Write the entries out exactly, with the final line being the one containing "VOUS M'AVEZ OBLIGÉ".

## Saved entries
######

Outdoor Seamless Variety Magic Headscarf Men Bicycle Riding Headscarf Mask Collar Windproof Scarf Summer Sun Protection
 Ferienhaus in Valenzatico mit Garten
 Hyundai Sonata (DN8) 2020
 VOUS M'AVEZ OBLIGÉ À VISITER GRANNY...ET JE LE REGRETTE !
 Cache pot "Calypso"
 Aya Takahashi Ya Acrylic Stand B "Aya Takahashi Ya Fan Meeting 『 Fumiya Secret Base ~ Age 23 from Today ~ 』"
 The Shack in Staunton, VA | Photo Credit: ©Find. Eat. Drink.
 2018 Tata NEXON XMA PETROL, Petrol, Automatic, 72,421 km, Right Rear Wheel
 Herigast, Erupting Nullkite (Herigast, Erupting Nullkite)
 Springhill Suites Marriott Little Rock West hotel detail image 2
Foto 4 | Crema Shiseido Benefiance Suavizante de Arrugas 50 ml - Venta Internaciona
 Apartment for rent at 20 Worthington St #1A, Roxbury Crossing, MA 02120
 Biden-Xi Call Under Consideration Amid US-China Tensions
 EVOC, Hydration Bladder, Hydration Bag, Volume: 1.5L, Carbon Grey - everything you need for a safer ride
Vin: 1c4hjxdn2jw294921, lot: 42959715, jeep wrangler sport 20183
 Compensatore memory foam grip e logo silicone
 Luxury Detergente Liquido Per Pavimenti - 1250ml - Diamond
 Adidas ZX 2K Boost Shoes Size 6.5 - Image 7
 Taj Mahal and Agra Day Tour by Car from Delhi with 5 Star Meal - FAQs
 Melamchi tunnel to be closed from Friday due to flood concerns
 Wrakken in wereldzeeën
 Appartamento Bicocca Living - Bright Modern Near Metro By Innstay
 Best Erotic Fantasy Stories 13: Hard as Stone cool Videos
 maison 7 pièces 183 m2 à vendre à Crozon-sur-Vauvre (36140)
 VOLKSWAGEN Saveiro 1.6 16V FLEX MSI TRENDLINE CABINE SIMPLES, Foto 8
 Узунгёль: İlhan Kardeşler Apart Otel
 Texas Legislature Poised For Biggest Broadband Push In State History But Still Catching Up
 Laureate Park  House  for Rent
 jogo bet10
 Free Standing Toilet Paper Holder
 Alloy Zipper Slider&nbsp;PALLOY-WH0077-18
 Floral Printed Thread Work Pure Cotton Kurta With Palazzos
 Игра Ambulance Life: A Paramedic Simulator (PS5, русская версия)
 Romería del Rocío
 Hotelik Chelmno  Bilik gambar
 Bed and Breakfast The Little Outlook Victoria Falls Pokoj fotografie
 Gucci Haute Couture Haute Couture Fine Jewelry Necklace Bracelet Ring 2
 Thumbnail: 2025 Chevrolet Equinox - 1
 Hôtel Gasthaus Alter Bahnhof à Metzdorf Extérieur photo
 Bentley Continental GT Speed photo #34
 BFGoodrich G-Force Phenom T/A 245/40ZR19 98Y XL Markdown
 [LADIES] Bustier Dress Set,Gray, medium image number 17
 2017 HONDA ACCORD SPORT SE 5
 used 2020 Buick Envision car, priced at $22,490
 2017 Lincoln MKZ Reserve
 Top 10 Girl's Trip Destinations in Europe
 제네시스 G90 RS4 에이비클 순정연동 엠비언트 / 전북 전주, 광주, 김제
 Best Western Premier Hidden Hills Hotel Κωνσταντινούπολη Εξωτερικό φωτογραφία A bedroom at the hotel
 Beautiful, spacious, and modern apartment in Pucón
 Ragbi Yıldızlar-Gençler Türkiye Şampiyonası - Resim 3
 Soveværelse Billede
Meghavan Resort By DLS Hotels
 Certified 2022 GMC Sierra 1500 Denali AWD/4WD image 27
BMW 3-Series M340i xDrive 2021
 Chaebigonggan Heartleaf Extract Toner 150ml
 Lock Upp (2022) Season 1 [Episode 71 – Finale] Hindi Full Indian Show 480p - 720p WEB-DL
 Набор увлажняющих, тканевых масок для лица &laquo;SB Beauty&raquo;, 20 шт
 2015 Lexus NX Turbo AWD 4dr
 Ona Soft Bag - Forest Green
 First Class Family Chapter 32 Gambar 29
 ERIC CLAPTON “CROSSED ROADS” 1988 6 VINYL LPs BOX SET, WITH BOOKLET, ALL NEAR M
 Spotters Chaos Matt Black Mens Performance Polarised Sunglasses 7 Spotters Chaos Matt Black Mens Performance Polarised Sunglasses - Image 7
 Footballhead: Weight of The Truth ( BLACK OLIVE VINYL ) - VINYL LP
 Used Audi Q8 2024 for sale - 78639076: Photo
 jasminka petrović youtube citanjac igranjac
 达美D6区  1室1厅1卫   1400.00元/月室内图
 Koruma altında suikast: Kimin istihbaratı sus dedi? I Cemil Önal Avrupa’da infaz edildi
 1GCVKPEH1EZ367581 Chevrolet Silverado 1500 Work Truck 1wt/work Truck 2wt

######

## WRITTEN RESPONSE
Outdoor Seamless Variety Magic Headscarf Men Bicycle Riding Headscarf Mask Collar Windproof Scarf Summer Sun Protection
 Ferienhaus in Valenzatico mit Garten
 Hyundai Sonata (DN8) 2020
 VOUS M'AVEZ OBLIGÉ À VISITER GRANNY...ET JE LE REGRETTE !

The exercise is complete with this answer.